→ Problem details: Retype nothing except the lines below from the one with "Personalized bachelorette bottle" through the one with "Elegant Grå Gradient-Farge", exactly, with images left out.

:: Records supplied ::

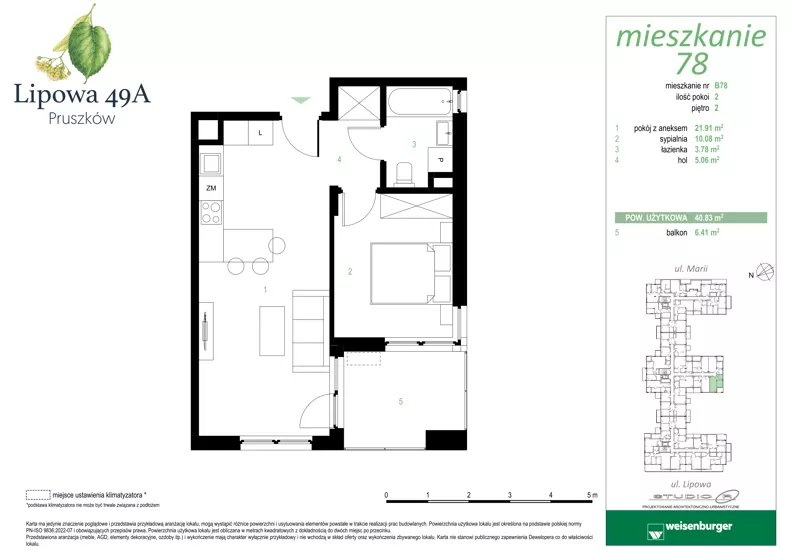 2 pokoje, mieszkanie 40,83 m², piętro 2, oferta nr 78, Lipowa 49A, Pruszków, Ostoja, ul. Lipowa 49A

:::
:: Records supplied ::

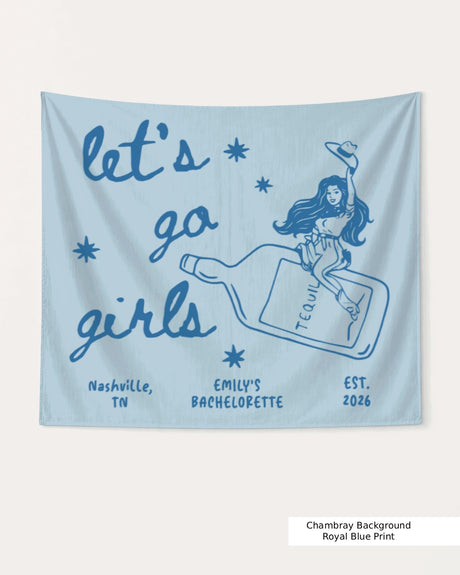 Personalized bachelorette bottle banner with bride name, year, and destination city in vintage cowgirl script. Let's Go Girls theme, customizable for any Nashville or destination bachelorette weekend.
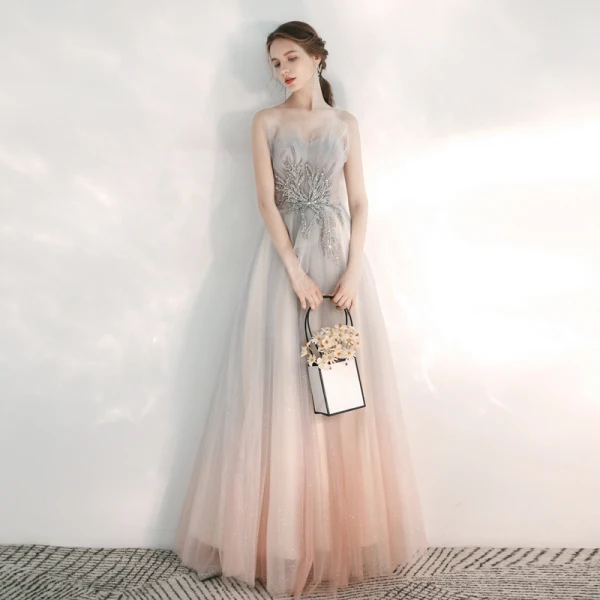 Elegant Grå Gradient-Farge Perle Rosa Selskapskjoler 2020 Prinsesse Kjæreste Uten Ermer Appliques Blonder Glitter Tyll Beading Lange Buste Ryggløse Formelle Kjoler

:::

→ Output of the task:
 Personalized bachelorette bottle banner with bride name, year, and destination city in vintage cowgirl script. Let's Go Girls theme, customizable for any Nashville or destination bachelorette weekend.
 Elegant Grå Gradient-Farge Perle Rosa Selskapskjoler 2020 Prinsesse Kjæreste Uten Ermer Appliques Blonder Glitter Tyll Beading Lange Buste Ryggløse Formelle Kjoler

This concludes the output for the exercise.